Source material:

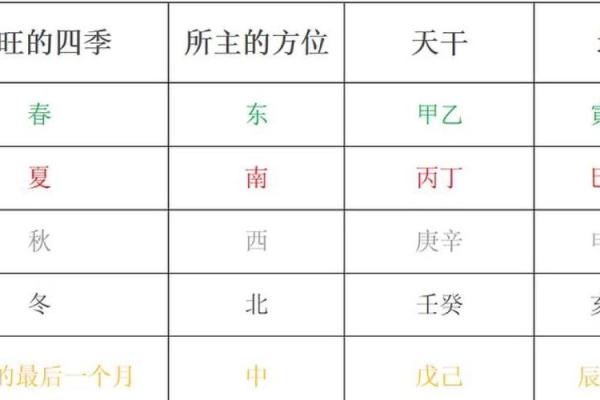 如何算命中五行缺什么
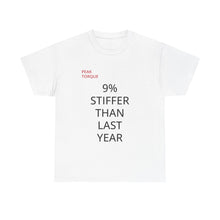 Load image into Gallery viewer, STIFFER Peak Torque Heavy Cotton Tee (USA, CAN version)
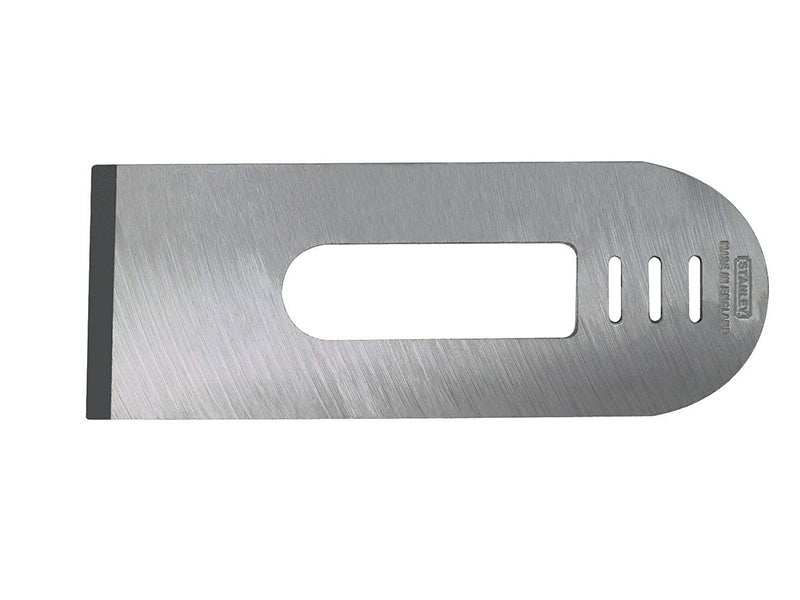 Plane Iron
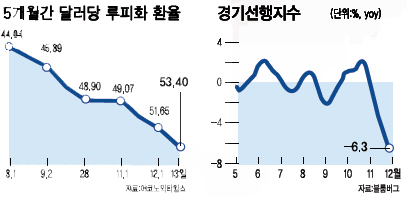 인플레 · 고금리 · 자금경색 … 달리던 ‘슈퍼코끼리’ 주저앉다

What is required: Drop the pictures and set down the data above exactly.

Task answer:
 如何算命中五行缺什么
 Load image into Gallery viewer, STIFFER Peak Torque Heavy Cotton Tee (USA, CAN version)
 Plane Iron
 인플레 · 고금리 · 자금경색 … 달리던 ‘슈퍼코끼리’ 주저앉다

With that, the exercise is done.